Histologic, immunohistochemical, and histomorphometric analyses.
All analyses were performed essentially as described previously [62,63]. Briefly, embryonic mice were removed from timed pregnant dams at E14.5 and E16.5 and fixed intact for 36 h in 4% paraformaldehyde, rinsed thoroughly in PBS, and processed for paraffin embedding. Serial 4-μm sections were cut on a modified Leica RM 2155 rotary microtome (Leica Microsystems, Richmond Hill, Ontario, Canada), stained with a 1:600 dilution of the AD1 anti-Sam68 antibody [46] and counterstained with either methyl green or hematoxylin.
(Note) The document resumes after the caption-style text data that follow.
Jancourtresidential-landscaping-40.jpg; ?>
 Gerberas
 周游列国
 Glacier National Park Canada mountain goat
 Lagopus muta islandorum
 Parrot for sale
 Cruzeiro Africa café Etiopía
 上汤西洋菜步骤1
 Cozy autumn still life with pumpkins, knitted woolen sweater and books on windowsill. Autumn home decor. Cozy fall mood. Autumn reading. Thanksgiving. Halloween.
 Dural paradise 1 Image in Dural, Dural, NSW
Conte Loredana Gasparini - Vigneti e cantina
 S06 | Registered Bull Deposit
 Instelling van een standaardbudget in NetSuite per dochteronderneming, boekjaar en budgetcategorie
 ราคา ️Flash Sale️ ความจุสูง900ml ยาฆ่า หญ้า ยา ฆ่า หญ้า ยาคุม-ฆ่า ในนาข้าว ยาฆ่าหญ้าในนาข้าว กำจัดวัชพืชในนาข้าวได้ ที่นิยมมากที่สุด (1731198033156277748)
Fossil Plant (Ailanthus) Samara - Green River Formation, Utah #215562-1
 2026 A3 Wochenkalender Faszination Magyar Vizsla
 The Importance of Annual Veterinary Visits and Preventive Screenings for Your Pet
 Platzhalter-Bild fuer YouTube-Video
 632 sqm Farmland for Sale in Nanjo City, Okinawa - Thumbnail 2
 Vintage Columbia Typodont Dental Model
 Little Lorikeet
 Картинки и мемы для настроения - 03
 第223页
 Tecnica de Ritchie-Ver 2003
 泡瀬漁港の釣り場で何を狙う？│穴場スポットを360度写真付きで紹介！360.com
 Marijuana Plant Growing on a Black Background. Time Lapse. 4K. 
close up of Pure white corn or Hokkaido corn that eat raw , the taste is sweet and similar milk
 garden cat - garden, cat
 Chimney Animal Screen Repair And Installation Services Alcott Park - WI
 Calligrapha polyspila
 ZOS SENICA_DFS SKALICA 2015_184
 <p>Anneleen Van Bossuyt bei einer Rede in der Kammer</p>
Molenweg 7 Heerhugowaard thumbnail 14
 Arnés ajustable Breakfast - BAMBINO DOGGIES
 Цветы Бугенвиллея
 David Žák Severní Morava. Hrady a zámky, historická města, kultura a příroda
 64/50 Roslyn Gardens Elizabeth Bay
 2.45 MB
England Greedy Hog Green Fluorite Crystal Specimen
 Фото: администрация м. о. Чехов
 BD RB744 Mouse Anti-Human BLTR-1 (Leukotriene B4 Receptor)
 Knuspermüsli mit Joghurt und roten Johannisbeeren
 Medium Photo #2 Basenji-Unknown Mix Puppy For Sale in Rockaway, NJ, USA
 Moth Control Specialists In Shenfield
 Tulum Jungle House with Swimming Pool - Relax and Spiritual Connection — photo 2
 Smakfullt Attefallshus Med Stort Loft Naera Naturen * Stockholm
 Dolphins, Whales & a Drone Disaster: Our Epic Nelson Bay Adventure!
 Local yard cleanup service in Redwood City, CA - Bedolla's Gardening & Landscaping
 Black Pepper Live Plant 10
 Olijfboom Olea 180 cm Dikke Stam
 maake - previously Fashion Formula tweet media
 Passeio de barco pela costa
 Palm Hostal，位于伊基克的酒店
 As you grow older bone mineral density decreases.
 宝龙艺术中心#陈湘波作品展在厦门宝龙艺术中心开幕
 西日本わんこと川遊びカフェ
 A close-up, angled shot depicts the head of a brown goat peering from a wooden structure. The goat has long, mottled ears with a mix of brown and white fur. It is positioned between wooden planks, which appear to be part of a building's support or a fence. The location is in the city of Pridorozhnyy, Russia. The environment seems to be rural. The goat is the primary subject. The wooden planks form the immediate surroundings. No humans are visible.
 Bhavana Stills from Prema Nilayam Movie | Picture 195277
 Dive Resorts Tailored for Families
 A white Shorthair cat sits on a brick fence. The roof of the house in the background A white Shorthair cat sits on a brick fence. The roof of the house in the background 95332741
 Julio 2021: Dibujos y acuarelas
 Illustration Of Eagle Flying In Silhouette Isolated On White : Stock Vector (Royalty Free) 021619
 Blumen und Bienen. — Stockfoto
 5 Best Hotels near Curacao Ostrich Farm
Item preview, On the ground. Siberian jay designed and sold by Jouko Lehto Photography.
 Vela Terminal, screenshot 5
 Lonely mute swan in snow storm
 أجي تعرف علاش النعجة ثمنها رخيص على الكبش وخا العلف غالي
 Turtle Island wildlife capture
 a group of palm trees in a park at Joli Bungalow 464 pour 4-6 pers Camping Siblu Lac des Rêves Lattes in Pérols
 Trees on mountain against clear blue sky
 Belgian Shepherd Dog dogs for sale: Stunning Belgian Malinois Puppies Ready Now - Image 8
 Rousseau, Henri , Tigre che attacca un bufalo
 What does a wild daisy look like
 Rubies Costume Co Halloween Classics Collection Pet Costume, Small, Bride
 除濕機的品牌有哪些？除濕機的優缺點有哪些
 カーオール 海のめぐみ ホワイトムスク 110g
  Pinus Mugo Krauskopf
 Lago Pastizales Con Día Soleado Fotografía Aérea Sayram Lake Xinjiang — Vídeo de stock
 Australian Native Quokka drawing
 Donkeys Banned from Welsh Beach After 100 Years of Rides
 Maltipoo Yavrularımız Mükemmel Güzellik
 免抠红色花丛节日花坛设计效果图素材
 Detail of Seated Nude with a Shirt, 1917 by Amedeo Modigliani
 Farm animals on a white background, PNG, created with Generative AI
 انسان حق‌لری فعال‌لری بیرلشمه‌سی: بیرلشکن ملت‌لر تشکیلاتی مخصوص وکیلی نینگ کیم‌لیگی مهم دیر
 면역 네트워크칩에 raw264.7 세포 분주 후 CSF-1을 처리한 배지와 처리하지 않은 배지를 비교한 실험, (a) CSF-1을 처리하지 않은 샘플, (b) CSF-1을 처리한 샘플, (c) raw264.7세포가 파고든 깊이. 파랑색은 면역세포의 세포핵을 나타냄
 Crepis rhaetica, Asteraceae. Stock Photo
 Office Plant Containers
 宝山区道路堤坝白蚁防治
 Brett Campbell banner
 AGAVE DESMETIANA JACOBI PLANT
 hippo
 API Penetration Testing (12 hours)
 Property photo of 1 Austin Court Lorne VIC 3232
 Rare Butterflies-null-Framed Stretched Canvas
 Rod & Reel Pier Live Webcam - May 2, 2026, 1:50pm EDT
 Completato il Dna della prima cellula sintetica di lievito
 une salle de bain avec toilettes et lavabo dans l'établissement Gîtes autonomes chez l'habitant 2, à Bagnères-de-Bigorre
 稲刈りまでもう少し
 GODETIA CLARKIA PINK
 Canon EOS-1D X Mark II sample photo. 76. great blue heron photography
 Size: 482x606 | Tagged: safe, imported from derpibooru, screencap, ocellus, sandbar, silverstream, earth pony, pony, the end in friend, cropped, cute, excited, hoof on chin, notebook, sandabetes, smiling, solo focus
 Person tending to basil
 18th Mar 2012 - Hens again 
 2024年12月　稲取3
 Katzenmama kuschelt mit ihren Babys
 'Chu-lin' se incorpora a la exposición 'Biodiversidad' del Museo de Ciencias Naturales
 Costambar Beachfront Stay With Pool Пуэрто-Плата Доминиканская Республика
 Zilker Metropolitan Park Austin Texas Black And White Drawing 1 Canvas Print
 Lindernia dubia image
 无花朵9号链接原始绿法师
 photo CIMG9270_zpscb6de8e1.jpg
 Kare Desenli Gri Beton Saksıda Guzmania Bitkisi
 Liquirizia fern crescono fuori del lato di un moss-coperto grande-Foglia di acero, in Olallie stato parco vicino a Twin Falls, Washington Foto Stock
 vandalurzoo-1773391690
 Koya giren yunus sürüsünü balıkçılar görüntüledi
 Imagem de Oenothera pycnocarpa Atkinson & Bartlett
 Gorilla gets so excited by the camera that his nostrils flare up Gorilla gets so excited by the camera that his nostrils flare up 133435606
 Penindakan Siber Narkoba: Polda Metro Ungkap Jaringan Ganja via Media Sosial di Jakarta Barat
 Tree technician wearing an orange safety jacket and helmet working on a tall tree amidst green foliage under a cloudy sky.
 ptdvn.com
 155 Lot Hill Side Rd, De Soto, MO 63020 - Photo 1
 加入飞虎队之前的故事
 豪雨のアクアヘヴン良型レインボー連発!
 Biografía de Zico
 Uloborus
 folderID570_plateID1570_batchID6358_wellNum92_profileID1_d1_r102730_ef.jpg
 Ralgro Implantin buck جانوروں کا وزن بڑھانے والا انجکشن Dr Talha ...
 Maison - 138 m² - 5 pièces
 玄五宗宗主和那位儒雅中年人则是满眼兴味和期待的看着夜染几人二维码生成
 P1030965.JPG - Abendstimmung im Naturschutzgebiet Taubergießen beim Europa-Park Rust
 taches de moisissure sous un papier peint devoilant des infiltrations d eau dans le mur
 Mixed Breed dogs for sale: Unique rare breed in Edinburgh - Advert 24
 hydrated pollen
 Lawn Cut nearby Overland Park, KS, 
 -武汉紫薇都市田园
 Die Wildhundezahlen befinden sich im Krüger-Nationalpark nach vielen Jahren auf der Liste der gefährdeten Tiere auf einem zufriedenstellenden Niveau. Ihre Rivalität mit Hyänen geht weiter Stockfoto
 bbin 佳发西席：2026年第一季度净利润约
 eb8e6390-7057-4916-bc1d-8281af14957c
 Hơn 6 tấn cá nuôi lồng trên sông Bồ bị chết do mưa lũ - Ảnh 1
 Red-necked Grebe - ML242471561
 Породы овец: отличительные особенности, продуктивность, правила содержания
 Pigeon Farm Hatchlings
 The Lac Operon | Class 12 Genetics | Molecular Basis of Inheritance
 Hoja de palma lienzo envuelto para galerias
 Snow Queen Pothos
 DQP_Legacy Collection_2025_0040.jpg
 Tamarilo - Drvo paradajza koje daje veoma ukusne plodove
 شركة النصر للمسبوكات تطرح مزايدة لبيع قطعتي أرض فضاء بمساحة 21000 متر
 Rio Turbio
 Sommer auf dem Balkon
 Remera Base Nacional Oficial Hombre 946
Adult mice were given an intraperitoneal injection of 30 mg/kg calcein at 7 days and 30 mg/kg tetracycline at 2 days prior to sacrifice to label actively mineralizing surfaces. After overnight fixation in 4% paraformaldehyde and rinsing in PBS, the left femur and tibia were embedded in polymethylmethacrylate (MMA) or a mixture of 50% MMA and 50% glycolmethacrylate (GMA). Serial 4- to 6-μm sections of MMA-embedded tissues were left unstained or stained with von Kossa and toluidine blue or with toluidine blue alone, while 4-μm MMA-GMA sections were stained for TRAP and ALP activity. Images were captured using a Leica DMR microscope (Leica Microsystems) equipped with a Retiga 1300 camera (Qimaging, Burnaby, British Columbia, Canada) and the primary histomorphometric data obtained using Bioquant Nova Prime image analysis software (Bioquant Image Analysis Corp, Nashville, Tennessee, United States). Nomenclature and abbreviations conform to those recommended by the American Society for Bone and Mineral Research [50].